Large-scale chemical evolution of the Arctic vortex during the 1999/2000 winter: HALOE/POAM III Lagrangian photochemical modeling for the SAGE III—Ozone Loss and Validation Experiment (SOLVE) campaign



[1] The LaRC Lagrangian Chemical Transport Model (LaRC LCTM) is used to simulate the kinematic and chemical evolution of an ensemble of trajectories initialized from Halogen Occultation Experiment (HALOE) and Polar Ozone and Aerosol Measurement (POAM) III atmospheric soundings over the SAGE III—Ozone Loss and Validation Experiment (SOLVE) campaign period. Initial mixing ratios of species which are not measured by HALOE or POAM III are specified using sunrise and sunset constituent CH4 and constituent PV regressions obtained from the LaRC IMPACT model, a global three dimensional general circulation and photochemical model.
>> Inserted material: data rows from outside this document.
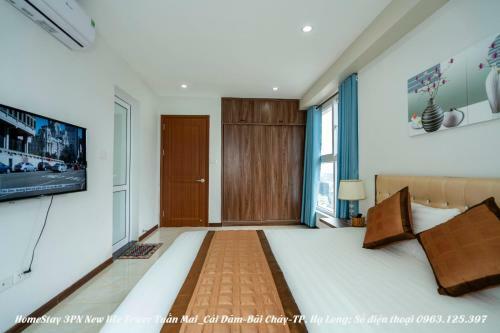 Apartamento New Life Tower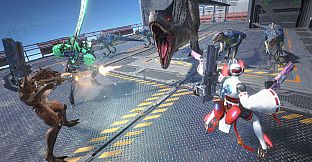 Exoprimal - Exoprimal Survival Pass Season 2: Premium Tier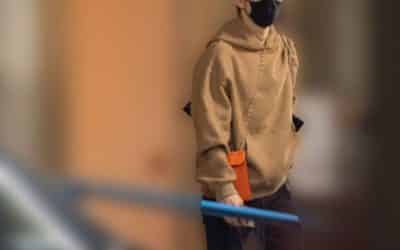 Yokono Sumire de NMB48 se encuentra en escándalo por salir con 2 idols diferentes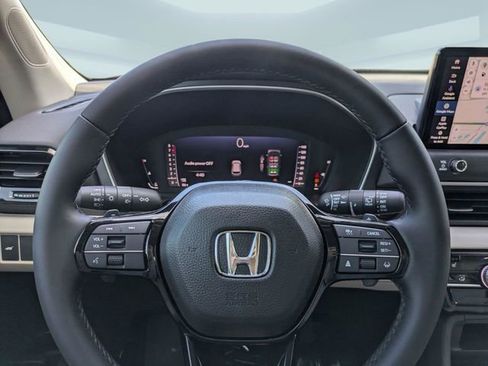 New 2026 Honda Pilot EX-L image 28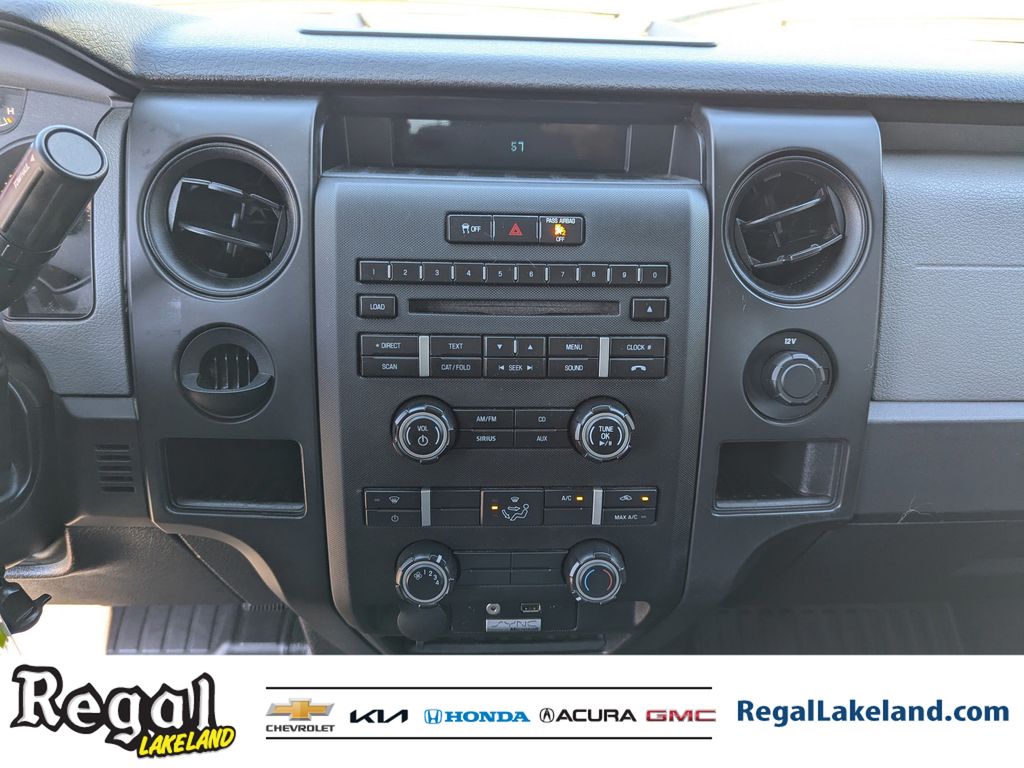 used 2013 Ford F-150 car, priced at $12,991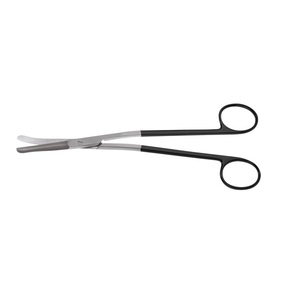 Tijeras Wilkinson Facelift Serrated Supercut de BEST CARE INTERNATIONAL, 19.5 cm, Curvas, de Acero Inoxidable, Juego de Instrumentos Manuales - Product Image 5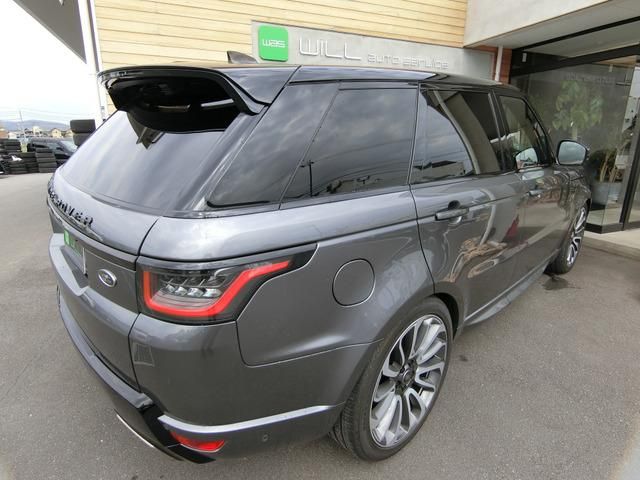 ROVER RANGE ROVER SPORTS
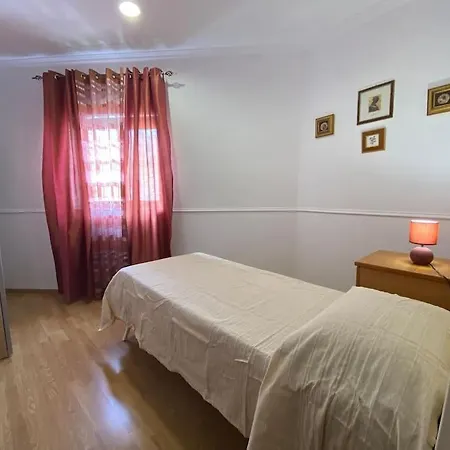 Spacious 4-bedroom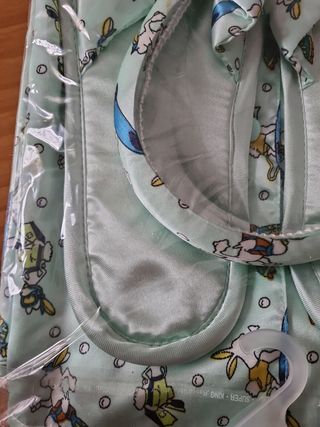 Set pijama señora Cezanne Collection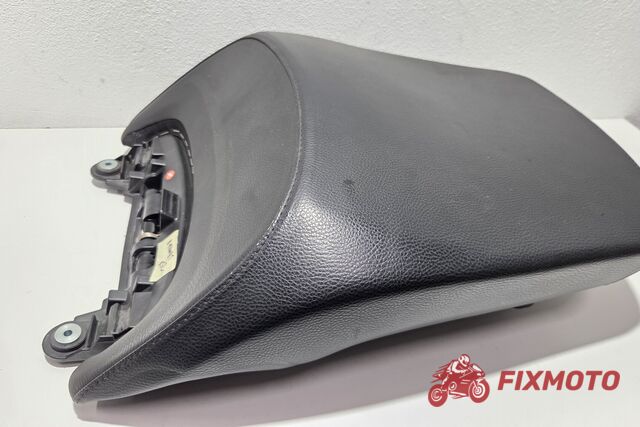 Sa pasager BMW R1200RT 2014-2018 cu incalzire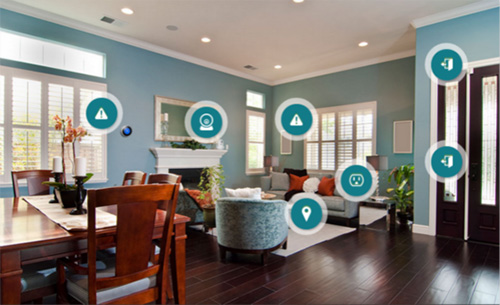 国内智能家居产业一哄而上 恐因专利问题全部阵亡_酒店管理_马可资讯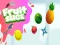 بازی Fruit Slice آنلاین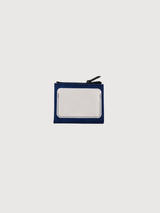 Wallet Sutton Blue/White | Freitag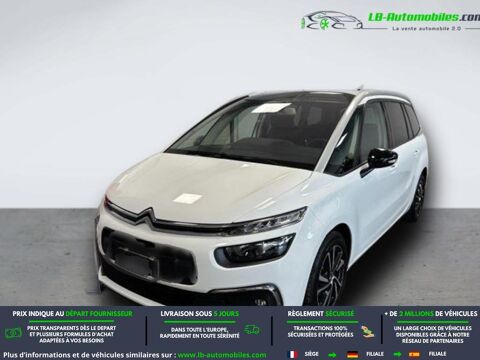 C4 Spacetourer BlueHDi 130 BVA 2022 occasion 31850 Beaupuy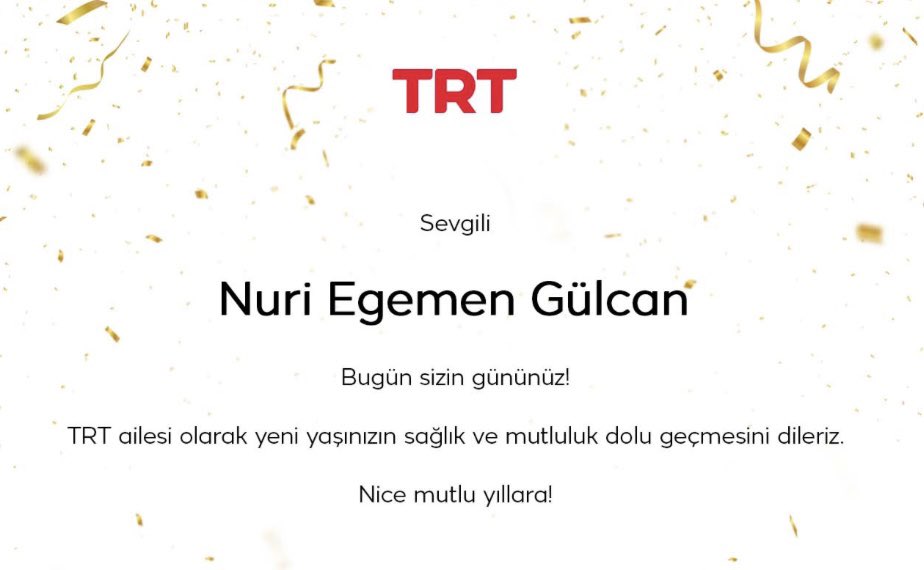 Egemgulcan's tweet photo. Yeni yaşa Bismillah https://t.co/Eaxl9PbINH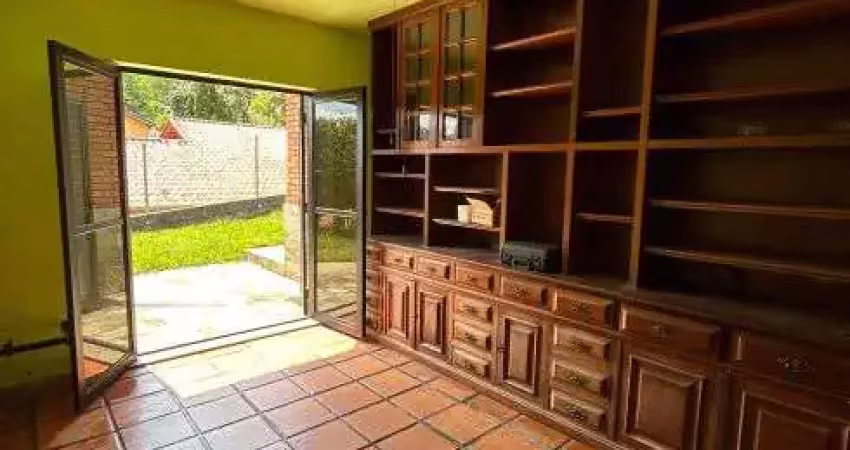 CASA EM CONDOMÍNIO A VENDA EM CAJAMAR - CAPITAL VILLE - FRENTE PARA O LAGO - 3 VAGAS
Ensemble averaging of the trajectory chemical characteristics provides a vortex-average perspective of the photochemical state of the Arctic vortex. The vortex-averaged evolution of ozone, chlorine, nitrogen species, and ozone photochemical loss rates is presented. Enhanced chlorine catalyzed ozone loss begins in mid-January above 500 K, and the altitude of the peak loss gradually descends during the rest of the simulation. Peak vortex averaged loss rates of over 60 ppbv/day occur in early March at 450 K. Vortex averaged loss rates decline after mid-March. The accumulated photochemical ozone loss during the period from 1 December 1999 to 30 March 2000 peaks at 450 K with net losses of near 2.2 ppmv. The predicted distributions of CH4, O3, denitrification, and chlorine activation are compared to the distributions obtained from in situ measurements to evaluate the accuracy of the simulations. The comparisons show best agreement when diffusive tendencies are included in the model calculations, highlighting the importance of this process in the Arctic vortex. Sensitivity tests examining the large-scale influence of orographically generated gravity-wave temperature anomalies are also presented. Results from this sensitivity study show that mountain-wave temperature perturbations contribute an additional 2–8% O3 loss during the 1999/2000 winter.